=== DIRECTIONS FOR THIS TASK ===
Print exactly the lines that run from the one containing "4 cremes antissinais" to the final line of the data, both included, and print none of the pictures.

=== GIVEN INFORMATION ===
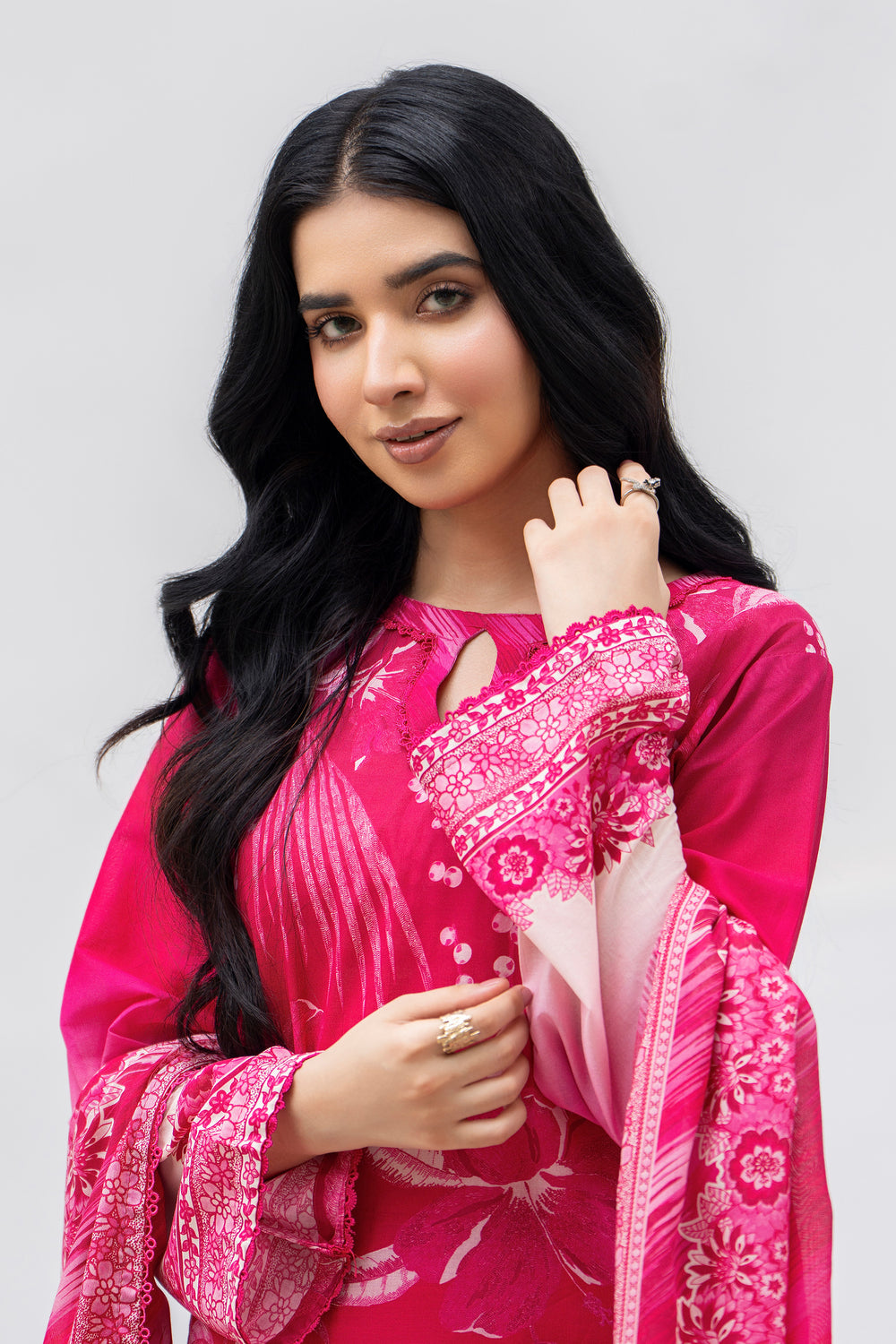 3 Pcs Unstitched Raspberry Lawn - SU25V29-S10 - JACQUARD CLOTHING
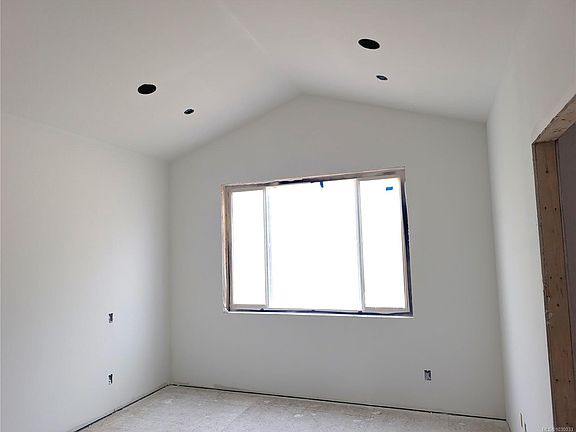 5th image of 1342 McKinley Rd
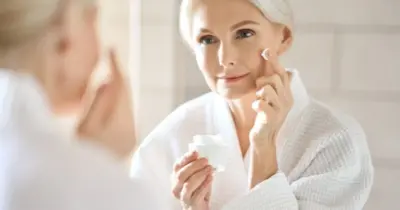 4 cremes antissinais poderosos para sugar linhas faciais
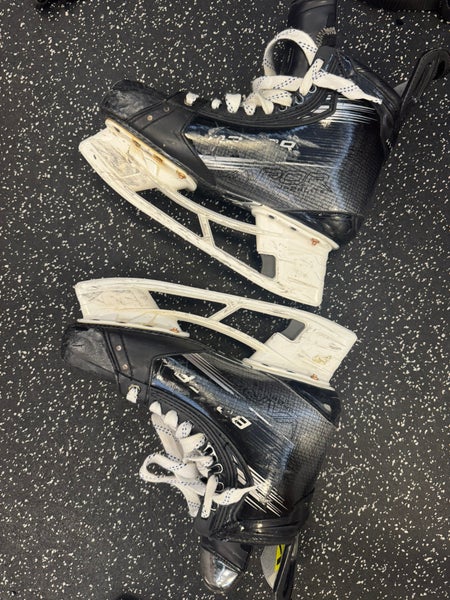 Bauer Vapor Hyperlite 2 Hockey Skates 9.5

=== FINISHED EXERCISE ===
 4 cremes antissinais poderosos para sugar linhas faciais
 Bauer Vapor Hyperlite 2 Hockey Skates 9.5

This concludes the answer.